Norman Ohler: Hitler, Nazis, Drugs, WW2, Blitzkrieg, LSD, MKUltra & CIA | Lex Fridman Podcast #481
Norman Ohler argues 35 million methamphetamine doses enabled the 1940 Blitzkrieg, and that Hitler’s drug addiction explains his military deterioration as the war progressed.
- The Wehrmacht distributed 35 million Pervitin (methamphetamine) doses before the May 1940 French campaign; the Ardennes push required 3 days and nights without stopping.
- Rommel’s division drove tanks through sleeping French troops at night — the French had a mandated 3/4 liter of red wine per soldier per day; the Germans were on meth.
- The Nazi Navy ran human drug experiments at Sachsenhausen concentration camp, testing meth-cocaine combinations in chewing gum to keep submarine crews awake for seven days.
- Historian Hans Mommsen told Ohler that Hitler’s drug addiction is the ‘missing link’ explaining his shift from effective early-war decisions to catastrophic late-war ones.

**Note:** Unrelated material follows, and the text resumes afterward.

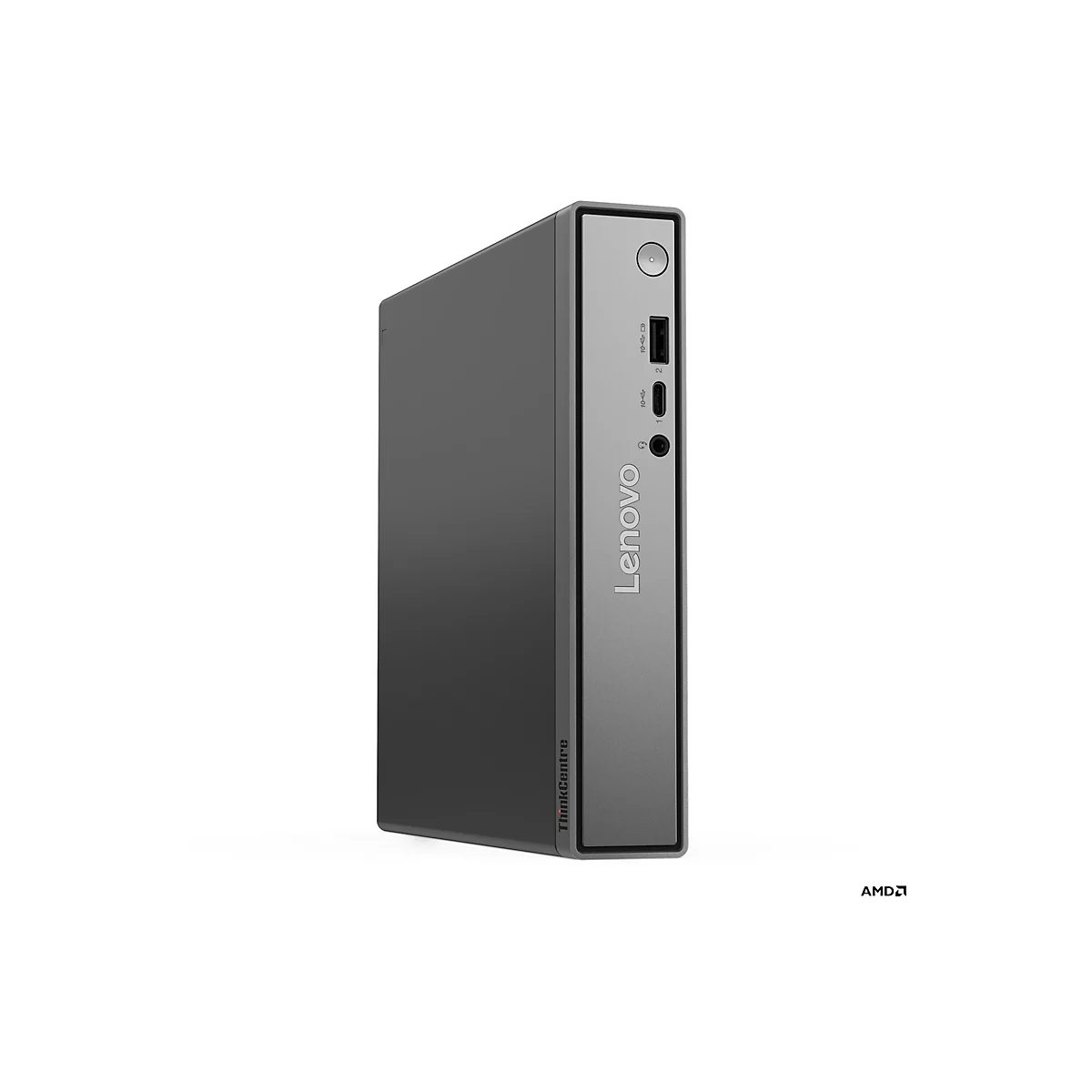 Ein grauer Lenovo ThinkCentre-PC vor weißem Hintergrund. Auf der Vorderseite sind Anschlüsse und der Markenname Lenovo zu sehen.
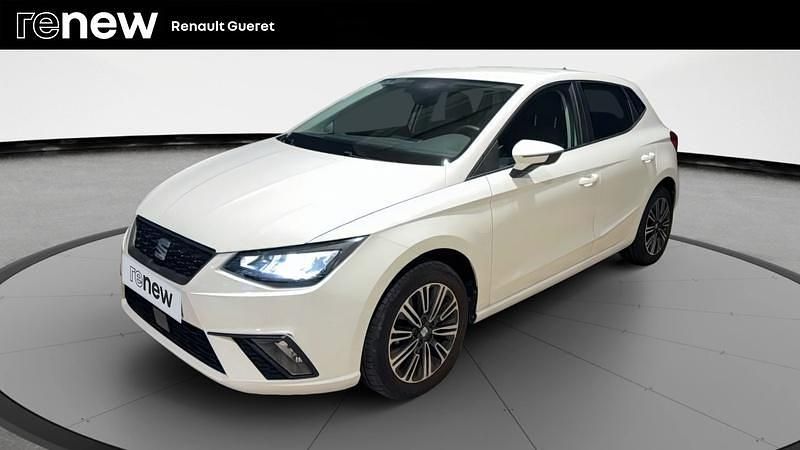 Blanc Utilisé 2022 Seat Ibiza Berline | 15 499 € (Prix assez cher) - Image 1/4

- Israeli scholars argue Moses hallucinated the burning bush: Egyptian acacia (which grows in the Sinai) contains DMT, and the Biblical passage repeatedly mentions acacia near the event.

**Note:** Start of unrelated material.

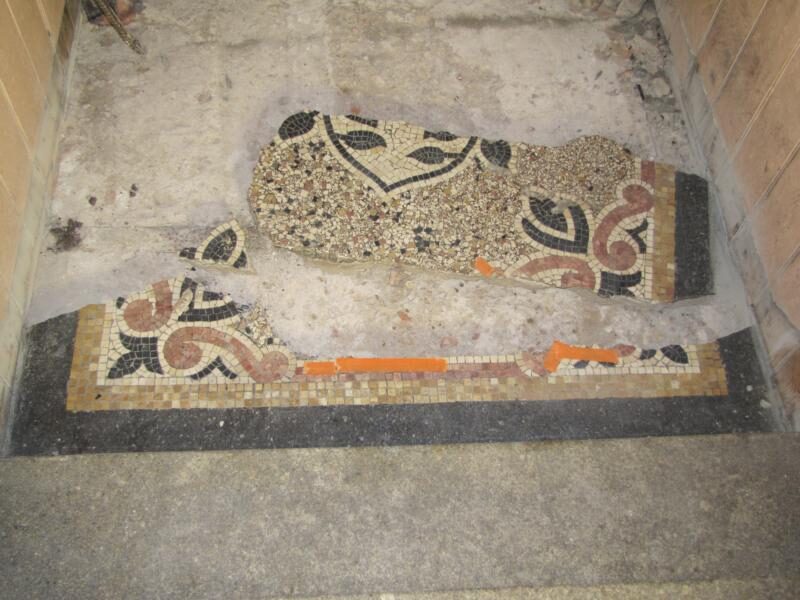 Hauseingang in Fürth: Terrazzo mit Mosaikbordüre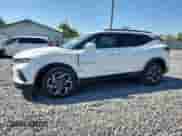 2020 Chevrolet Blazer RS z VIN 3GNKBERS5LS553039, wystawiony jako Copart lot #80130945 z przebiegiem 50 707 mil mil oraz Szkoda całkowita • Salvage title. Historia ofert i sprzedaży dostępna na DreamBid. Obrazek 1.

- LSD binds to approximately 9 receptor types in the brain versus psilocybin’s 5, making it the more complex molecule and explaining why it works at microgram doses.
- Ohler traces the origin of social hierarchies to beer commercialization by Sumerian temple-states in Uruk, which monetized brewing and concentrated status around it.
- Richard Evans called the book ‘crass and dangerously inaccurate’; Ohler rejects this, noting Nazi genocidal policy predates and is independent of any drug use.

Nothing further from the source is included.